"He dressed quickly and went outside to catch the sun rising out of the sea, the ball of red fire reaching across the surface of the still ocean, spreading crimson, scarlet, vermillion, stirring the birds on the rocky cliffs feathered monks in their cathedral choir. He sketched, in pencil pagans at matins heralding the christ sun."
One of the two major characters at the center of this ambitious novel is a painter named Lloyd. Part of what makes the novel so ambitious is that it not only tells an eclectic story, but the structural components used to tell it are equally eclectic. The passage quoted above presents one example of the idiosyncratic methodology behind its use of language. Also worth noting is that language itself is very central to the storyline. Lloyd is an English painter who has to the small remote Irish island on which the story is set because he fancies himself as an artist in the mold of Paul Gauguin: a sophisticate dedicated to using his talents to portray the natural beauty of the savages. Since this story takes place in 1979 during one of the heights of the outbreaks of violence associated with “the Troubles” between the Irish and the British, this perspective is both aesthetically romanticized and politically colonialized. In this particular moment, Lloyd can bask in the aestheticism of his outsider presence on the island, but the arrival of French linguists to come to the island to study a language left to die by British invaders inevitably forces him to confront the politics of his romantic idealism.

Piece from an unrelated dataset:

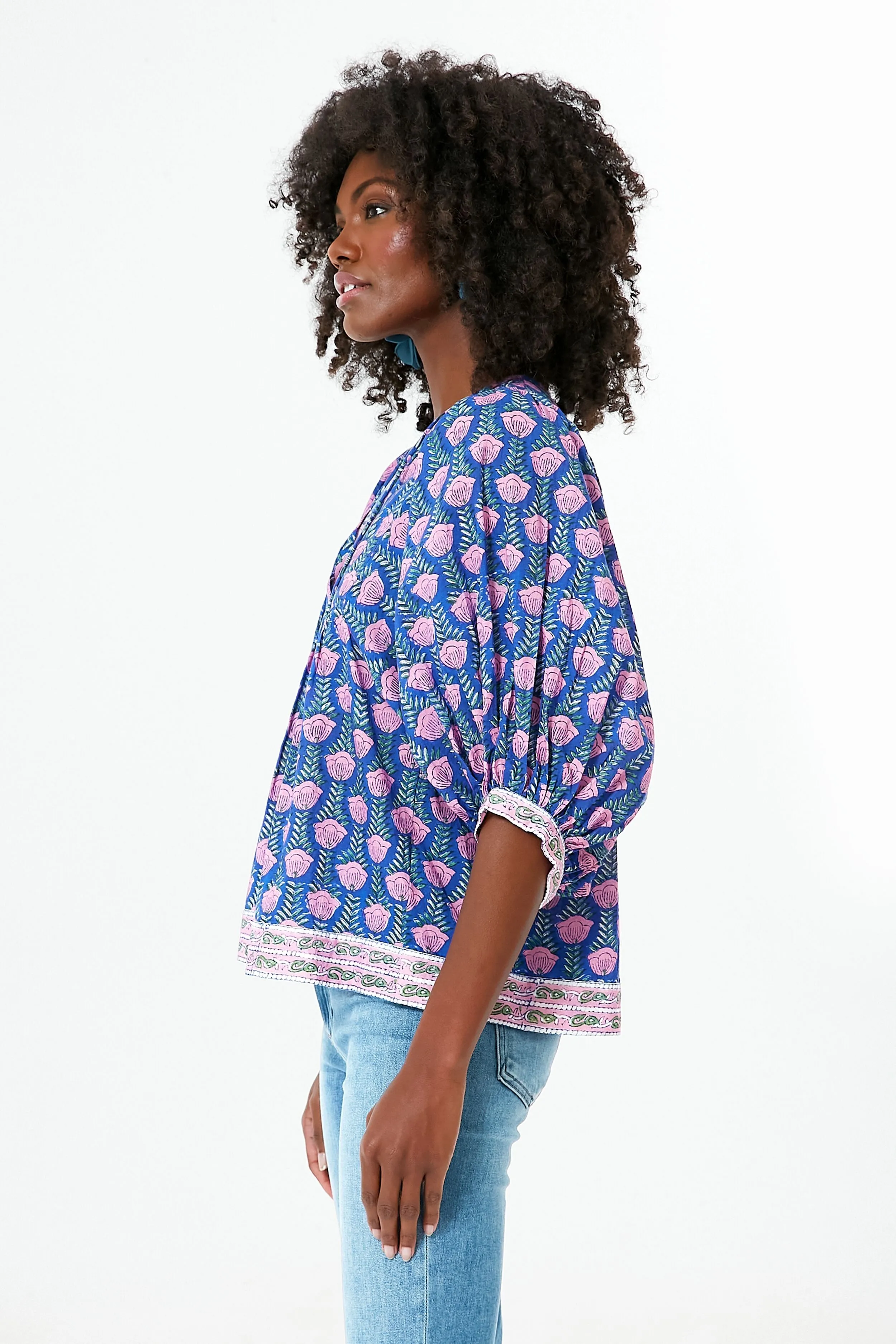 Multi Blue Jesy Blouse sold by Tuckernuck product image thumbnail 3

"It is difficult to be certain when the Irish language first arrived in Ireland, but the oldest physical remains date back to monuments from the 5th and 6th centuries known as Ogham stones, boulders marked with lines and notches representing the Latin alphabet. Most of these stones carry inscriptions of people’s names and scholastic writings, and it is believed that the language remained mainly unchanged until the Viking invasion of Ireland between 900 and 1200. The language survived that conquest, but adapted and acclimatized, as language does, by absorbing Norse words."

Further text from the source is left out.